Mas, de novo, aqui se prova que os direitos humanos não são conceito abstrato ou invenção da cultura cristã ocidental. Os milhares de nômades com quem convivi recentemente têm os mesmos sentimentos, preocupações e aspirações dos mortais europeus. Querem paz, tranquilidade, exigem respeito por seus direitos civis e políticos mais fundamentais; querem voltar à pátria. Quem os oprime não é uma potência ocidental, e sim o velho reino de Marrocos, país árabe, muçulmano.
Há outra similaridade entre Timor Leste e Saara Ocidental: ambos foram vítimas -pés de página- da Guerra Fria. Abandonados pelas grandes potências, sofreram com o pragmatismo ocidental, que os sacrificou no altar dos seus interesses econômicos e estratégicos. Os países ocidentais foram cúmplices na agressão, pela venda de armas e pelo apoio econômico e diplomático.
O mundo mudou completamente desde 1975. Indonésia e Marrocos perderam a importância estratégica da Guerra Fria. A conjuntura internacional é mais favorável aos dois povos que lutaram teimosamente contra a indiferença e a cumplicidade internacionais. No caso do Saara, um referendo de autodeterminação foi negociado pela ONU com as partes em conflito. Prevê-se implementá-lo dentro de um ano.

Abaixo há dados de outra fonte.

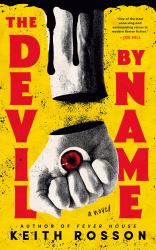 The Devil by Name : Part Two of the Fever House Duology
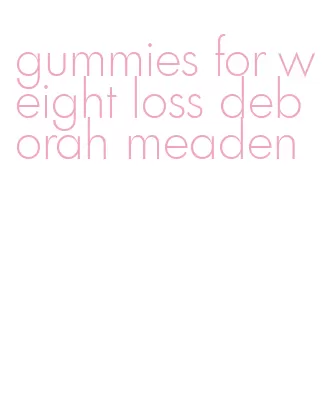 gummies for weight loss deborah meaden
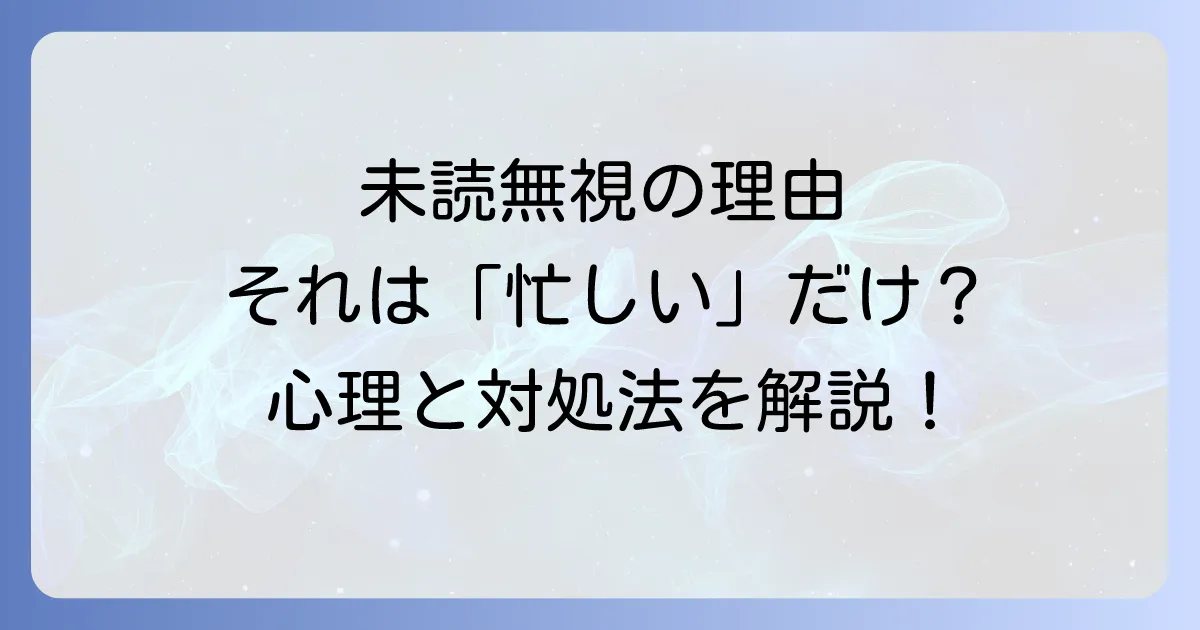 好きだけど未読無視で忙しいのはなぜ?相手の心理と効果的な対処法を徹底解説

No caso de Timor Leste, a Indonésia continua a recusar a realização de um referendo por saber que a esmagadora maioria do povo votaria um "não" muito forte contra a integração.
A crise econômica e a incerteza da sucessão do ditador Suharto, no poder há mais de 30 anos, retiram do regime sua influência. A dramática queda da Bolsa, a desvalorização da moeda e a alta da dívida externa (US$ 110 bilhões, a terceira maior do mundo) refletem problemas estruturais mais profundos e vão repercutir social e politicamente. É um regime despótico, corrupto e cada vez mais desgastado, que continua obstinadamente a ocupar Timor e a desafiar a comunidade internacional.
Creio que a solidariedade por Timor no Brasil é impartível. Suharto, cuidado. Em menos de um ano, visitei o Brasil três vezes; cada vez encontro mais simpatia, amizade, apoio. No ano que vem, passarei dois meses seguidos. Não será só trabalho. Quero ir ao majestoso Amazonas. Voltar à Bahia, de sedução africana. Passear pelo Rio, com todos os perigos, conversar com meninos de rua, partilhar de novo momentos agradáveis com artistas, intelectuais e jornalistas, gente maravilhosa que meu querido amigo José Aparecido de Oliveira me apresentou num domingo.
Naquele dia, nem acreditei ter me sentado ao lado do famoso Oscar Niemeyer. A seguir, fomos à casa de dois irmãos gêmeos, famosos cartunistas (já não me lembro do nome deles, mas não importa; os brasileiros sabem de quem estou a falar. Gente fantástica).
Depois, em casa de Lucélia Santos, a grande intérprete de "Escrava Isaura", conheci o fantástico Rubens de Falco. Pela primeira vez quis tirar uma foto com alguém. Fico sempre meio ridículo quando me pedem para posar. Sofro, mas faço-o sempre, com um sorriso idiota. Nesse dia vi Itamar Franco, fascinante, apesar de meio reservado. Um amor de pessoa, simples, acessível, charmoso. Um bom presidente.
O Brasil poderia ajudar muito mais o povo de Timor. Uma reunião entre Jorge Sampaio, de Portugal, Fernando Henrique Cardoso, Nelson Mandela e Joaquim Chissano, de Moçambique, poderia aumentar a visibilidade da luta de Timor em 1998 e intensificar a pressão diplomática sobre o regime de Jacarta. FHC poderia ser o anfitrião.
Algum dia, diremos um grande "obrigado de todo o coração, amigo brasileiro". Os brasileiros terão em Timor Leste, livre e independente, um país amigo e grato -a única presença da lusofonia em todo o Oriente.